One sunny day in 2008, an old man approached the White House from across Pennsylvania Avenue, where he'd been sitting on a park bench. He spoke to the Marine standing guard and said, "I would like to go in and meet with President George W. Bush."
The Marine replied, "Sir, Mr. Bush is no longer President and doesn't reside here." The old man said, "Okay," and walked away.
The following day, the same man approached the White House and said to the same Marine, "I would like to go in and meet with President George W. Bush".
The Marine again told the man, "Sir, as I said yesterday, Mr. Bush is no longer President and doesn't reside here." The man thanked him and again walked away . . .
The third day, the same man approached the White House and spoke to the very same Marine, saying "I would like to go in and meet with President George W. Bush."
The Marine, understandably agitated at this point, looked at the man and said, "Sir, this is the third day in a row you have been here asking to speak to Mr. Bush. I've told you already several times that Mr. Bush is not the President anymore and doesn't reside here. Don't you understand?"
The old man answered, "Oh, I understand you fine, I just love hearing your answer!" The Marine snapped to attention, saluted, and said, "See you tomorrow"

A Torah Scholar

A young woman brings home her fiancée to meet her parents.

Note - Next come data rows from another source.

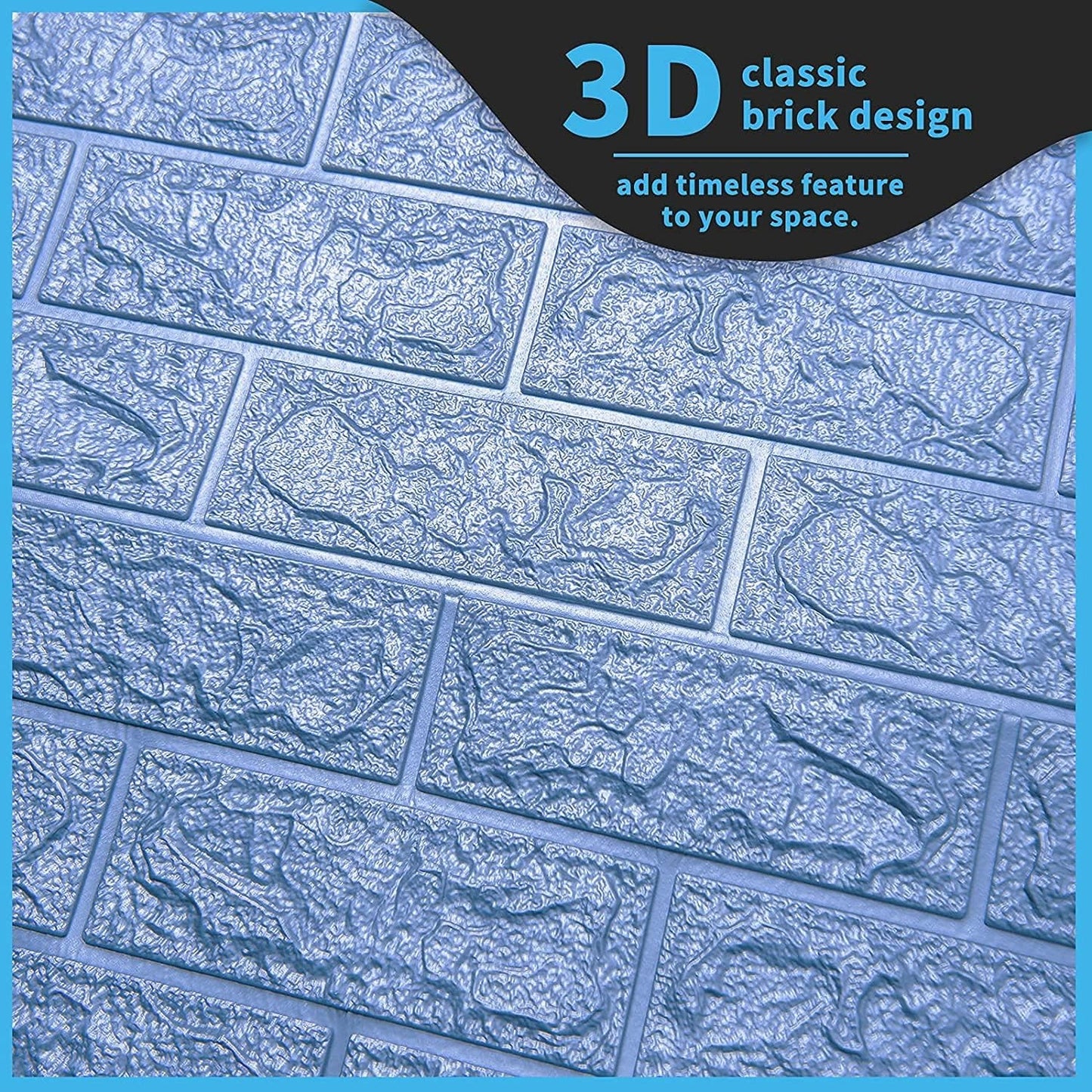 Set 10 x Tapet Autocolant, 3D, Usor de Montat, Rezistent la Apa, Modern, Model Caramida Albastra,, 70x77 cm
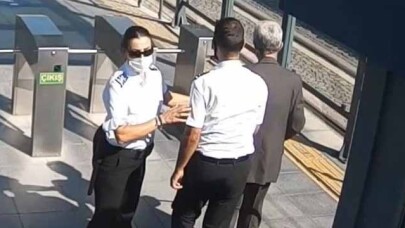 Tramvay güvenlik personelinden örnek davranış
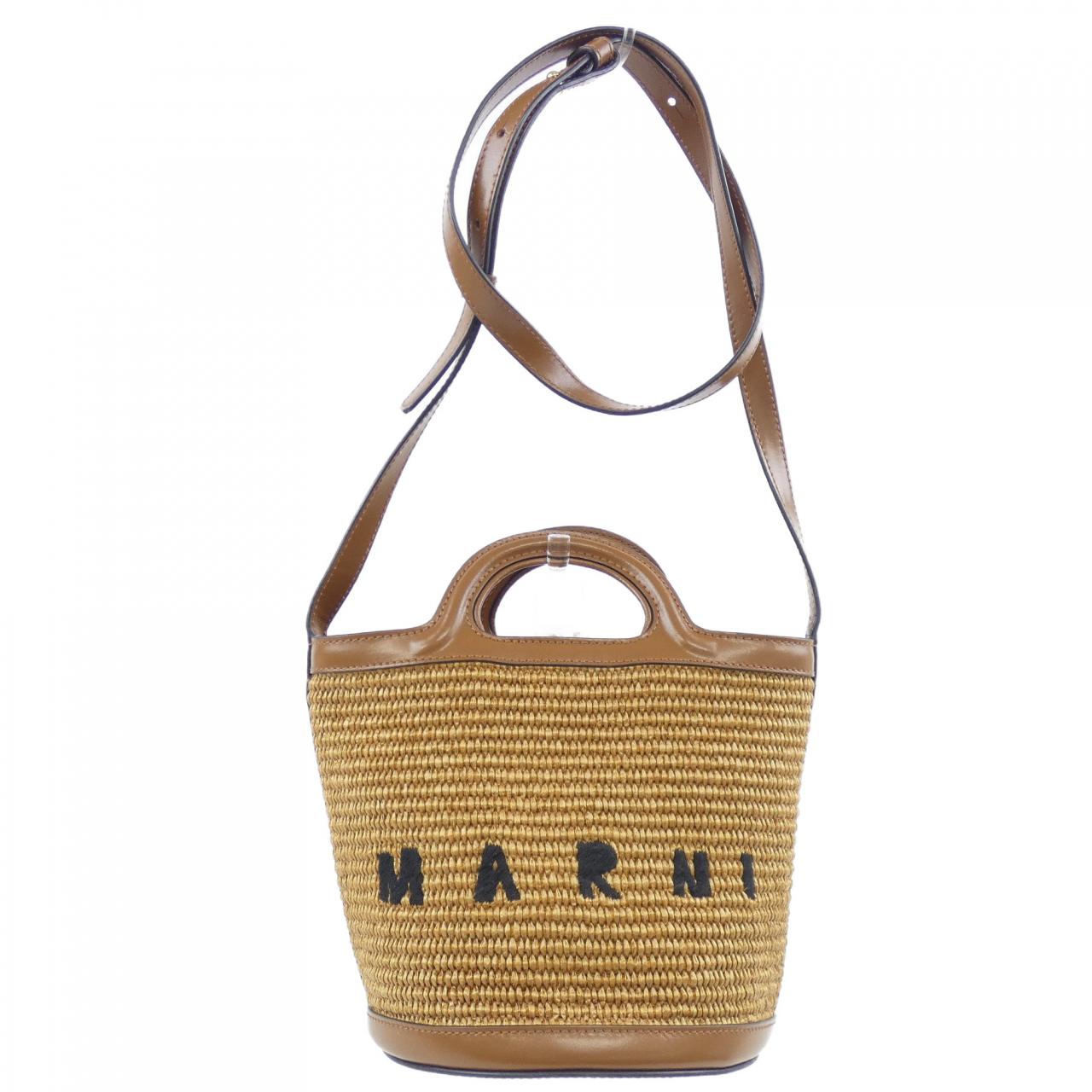 マルニ TROPICALIA BASKET コットン ナイロン カーフレザー バッグ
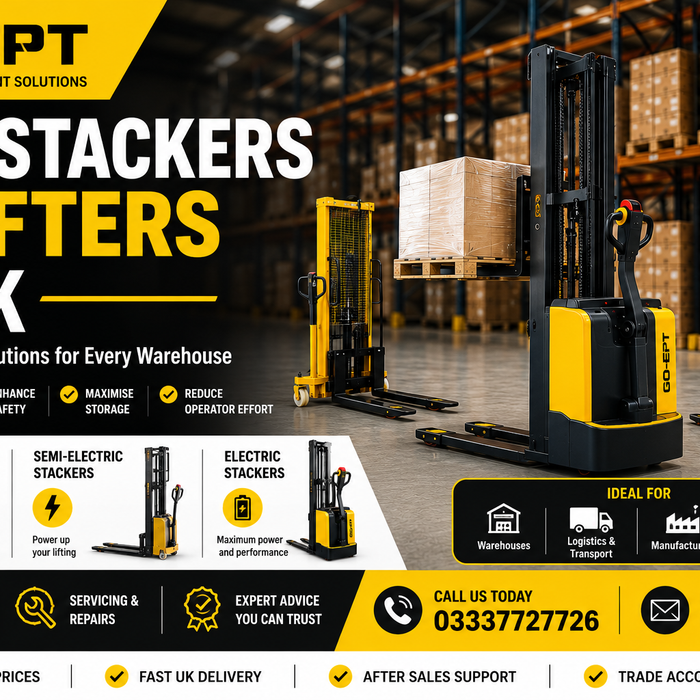 uy stackers and lifters in UK for warehouse operations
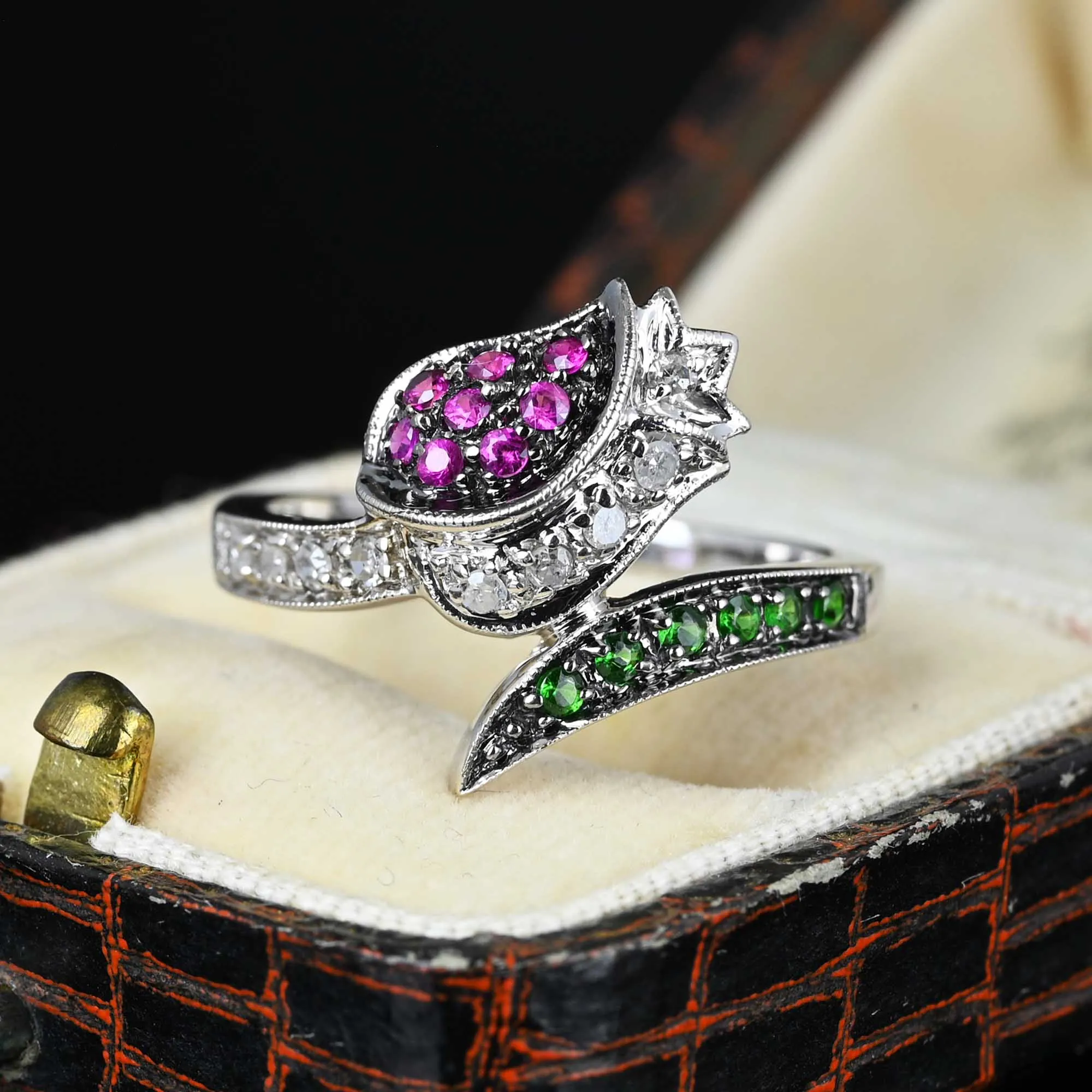 Ruby Diamond Green Sapphire Tulip Ring in 14K White Gold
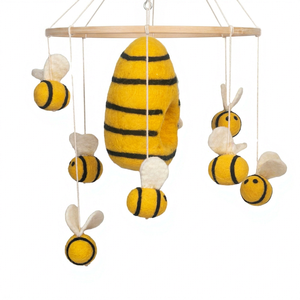 Asterisk Felted Fully Felted Bee Hive Mobile Soft Toy Baby Crib Decor 100% New Zealand <b>Wool</b> Natural Stuffed Room Decoration - Product Image 1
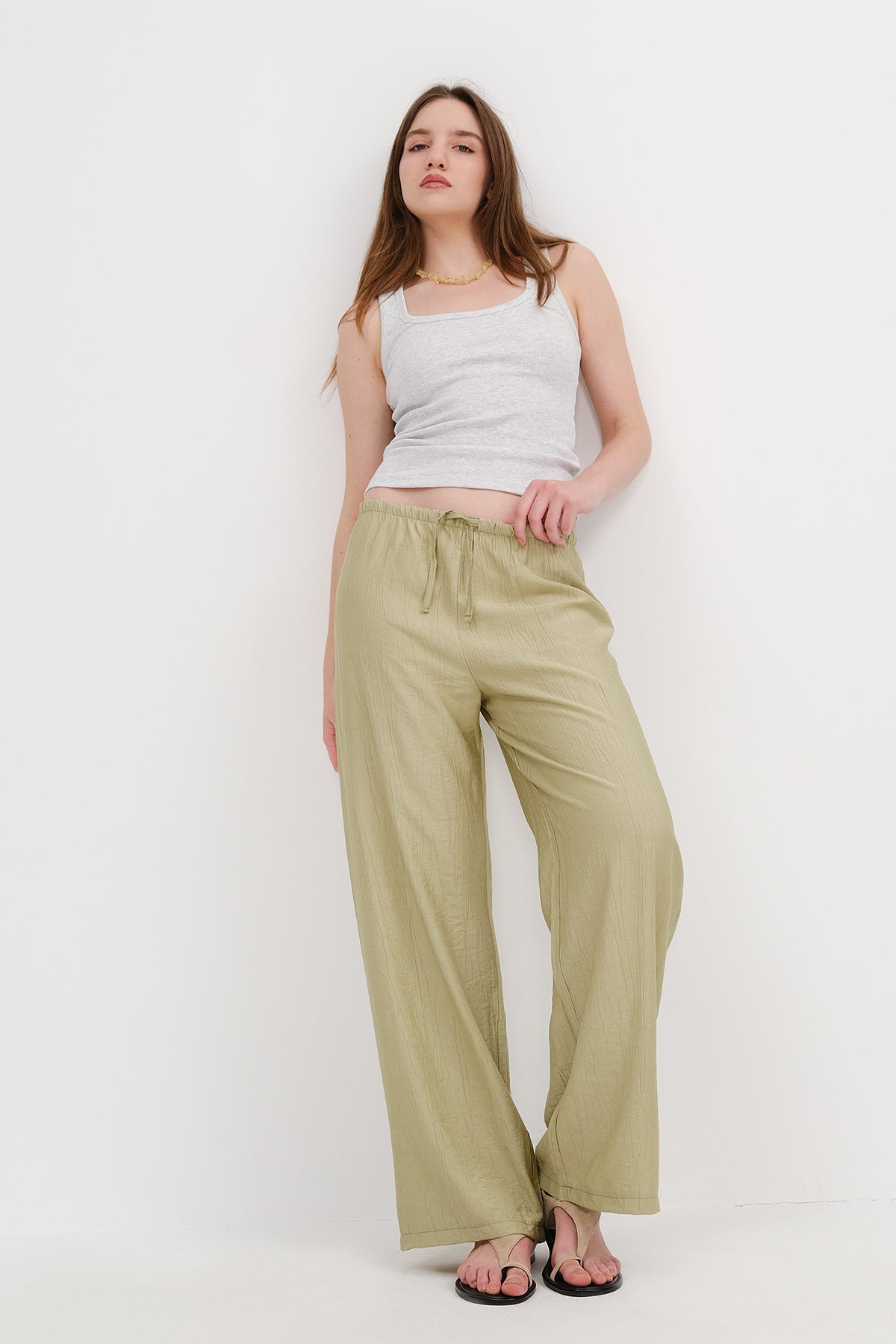 Oil-Green_Wide-Leg-Trousers-with-Waist-Rope-Tie-addax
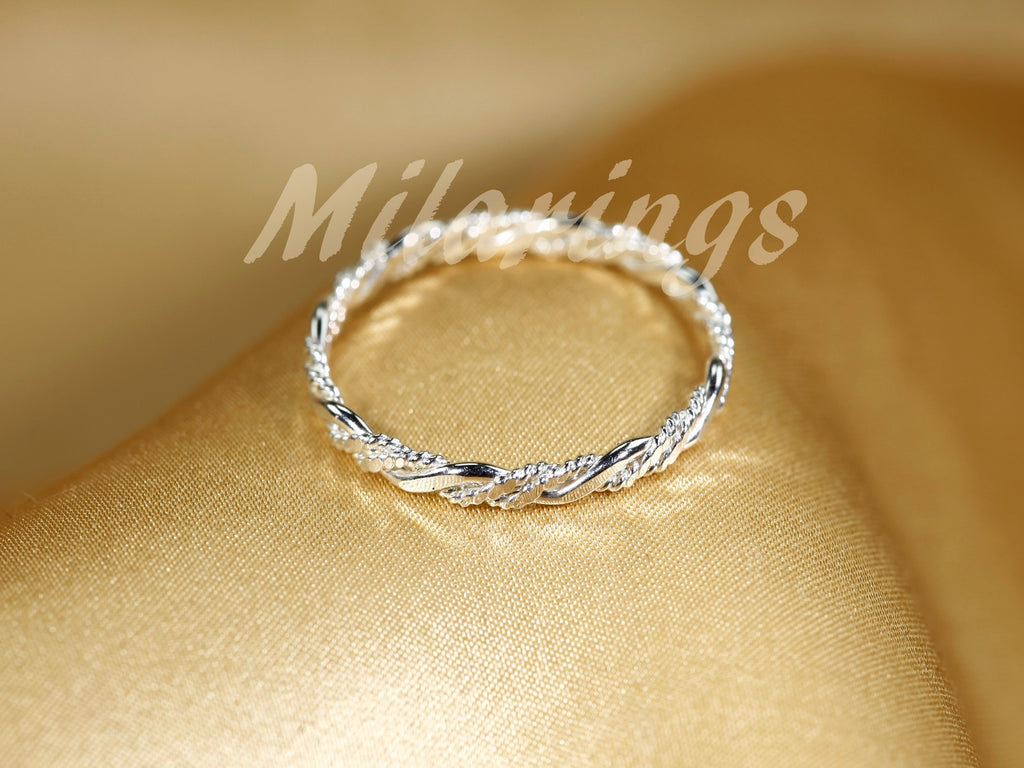 MILARINGS-Twist6- Handmade 925 Sterling Unique Twist Style Texture Ring 2.3mm Width, Handmade 925 Sterling Silver Stackable Ring, Can be Worn Everyday Without Taking Off, Available in U.S. Standard Sizes.
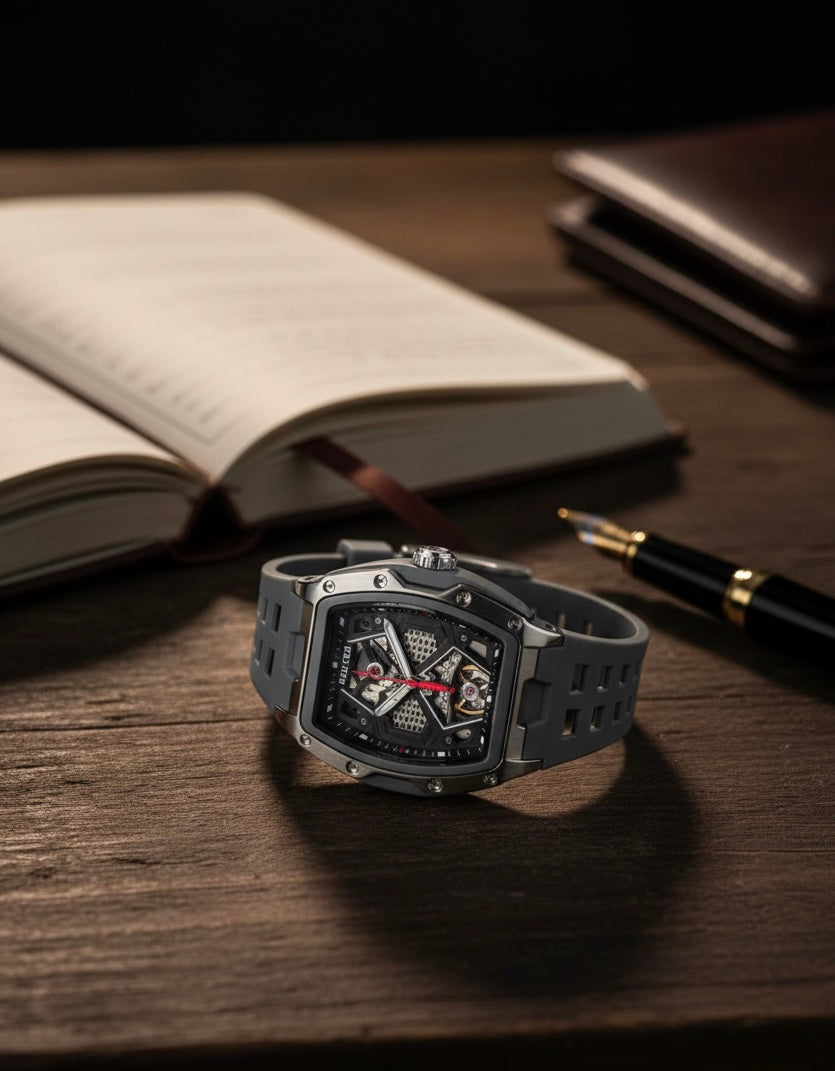 Luxury Men Watch with Skeleton Dial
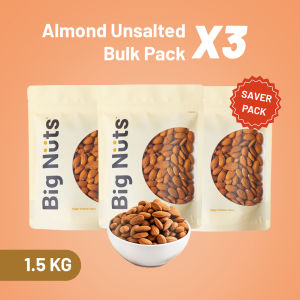 Big Nuts 1.5KG Almond Unsalted Bulk Pack (3x500g) | Fresh & Crunchy | Healthy Snack | Halal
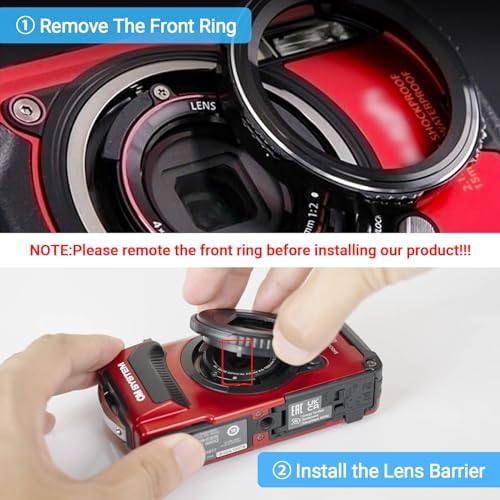 JJC lens cap barrier for Olympus TG-7 camera showing open blades after counterclockwise rotation.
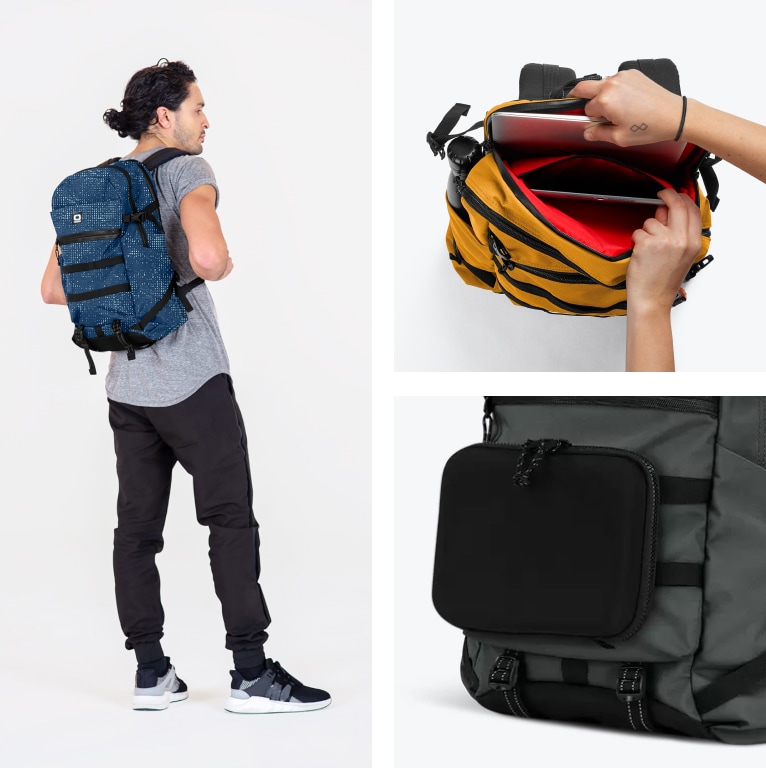 Close up shots of features and man modelling the 320 backpack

After dinner, her mother tells her father to find out about the young man. The father invites the fiancée to his study for a drink.
"So what are your plans?" the father asks the young man.
"I am a Torah scholar," he replies.
"A Torah scholar. Hmm." the father says. "Admirable, but what will you do to provide a nice house for my daughter to live in as she's accustomed to?"
"I will study," the young man replies, "and God will provide for us."
"And how will you buy her a beautiful engagement ring such as she deserves?" asks the father.
"I will concentrate on my studies," the young man replies, "and God will provide for us."
"And children?" asks the father. "How will you support children?"
"Don't worry, sir, God will provide," replies the fiancée.
The conversation proceeds like this, and each time the father ! questions, the young idealist insists that God will provide.
Later, the mother asks, "How did it go, honey?"
The father answers, "He has no job and no plans, but the good news is he thinks I'm God."